Ainsi redéfini, le débat entre pro-arabes et pro-israéliens prend une importance exceptionnelle dans la politique américaine.  Le Congrès penche vers Israël : en raison de la mobilisation de communauté juive, sans doute, mais aussi, dans un pays qui reste profondément attaché à la Bible et une vision idéaliste de la démocratie, de la plus grande partie de l’opinion publique. Le Pentagone et les milieux stratégiques vont souvent dans le même sens, au fur et à mesure que l’Etat juif fait la preuve de son excellence militaire.

En face, le lobby pétrolier a trouvé des alliés au Département d’Etat, traditionnellement pro-arabe ; dans des milieux marqués par les divers antisémitismes chrétiens, aussi bien protestants que catholiques ou orthodoxes ; et aussi à l’extrême-gauche,  où l’ " antisionisme ", dans sa version tiers-mondiste revue et corrigée par Noam Chomsky, devient un dogme.

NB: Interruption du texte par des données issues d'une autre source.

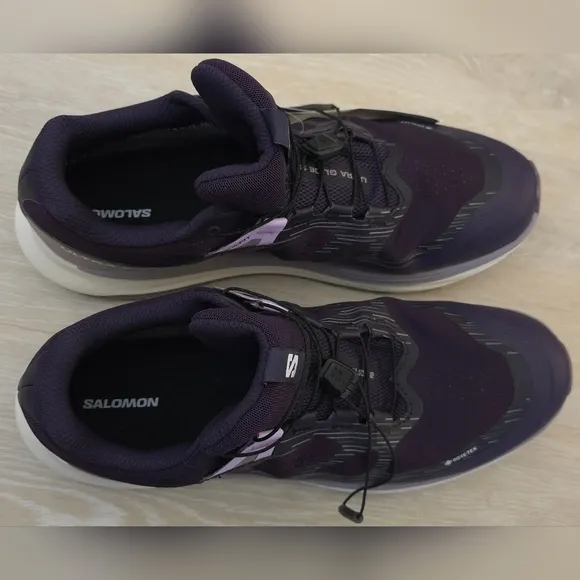 Salomon Ultra Glide 2 GORE-TEX GTX Women's Trail Running Shoes 11 US NEW NWOB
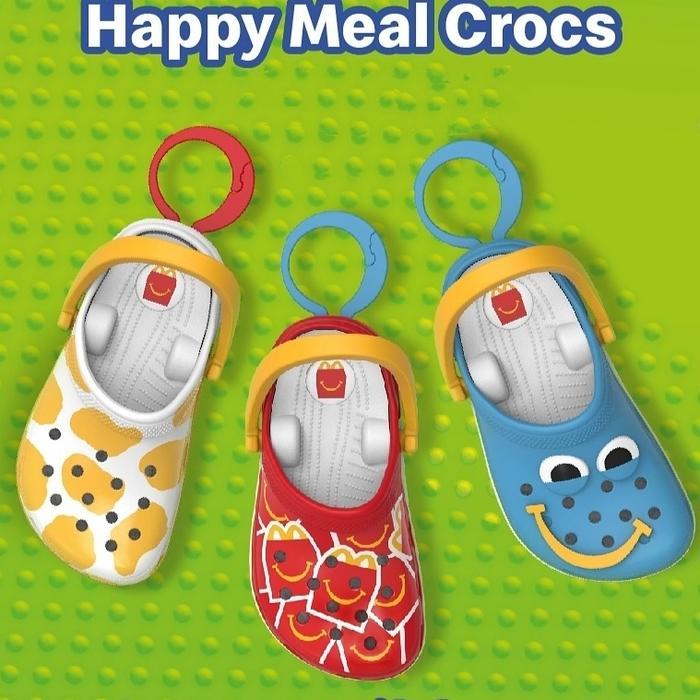 Ready MCDONALD'S CROCS MCD HAPPY MEAL PERIODE 3 MCDONALD Toy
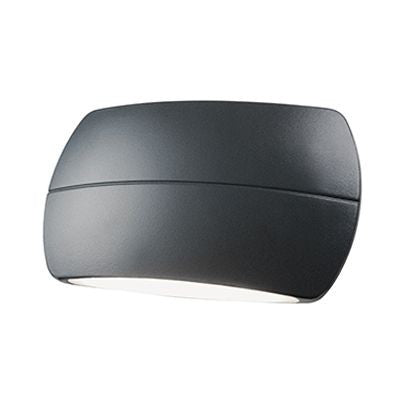 Applique 5W+5W LED 4000K ligne oreiller graphite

Au milieu, la Maison Blanche oscille. Lyndon Johnson et Richard Nixon, relativement pro-israéliens, laissent le Département d’Etat mener une politique relativement  anti-israélienne. Secrétaire d’Etat à la fin de l’ère Nixon puis sous le républicain Gerald Ford, Henry Kissinger bride ses sentiments pro-israéliens, sauf pendant la guerre de Kippour, en 1973. Le démocrate Jimmy Carter (marqué par l’antijudaïsme baptiste) et son conseiller Zbigniew Brzezinski (marqué par l’antisémitisme catholique, version polono-ukrainienne) sont anti-israéliens. Le républicain Reagan est relativement pro-israélien : mais son entourage comprend à la fois des pro-israéliens convaincus, comme les secrétaires d’Etat Alexander Haig puis George Shultz, et des anti-israéliens résolus, comme le vice-président Bush, le secrétaire à la Défense Caspar Weinberger et enfin Baker. Rétrospectivement,  cette administration apparaît comme pro-israélienne. Mais pendant un bref moment, pendant l’été 1982, elle mènera une politique anti-israélienne d’une violence sans précédent.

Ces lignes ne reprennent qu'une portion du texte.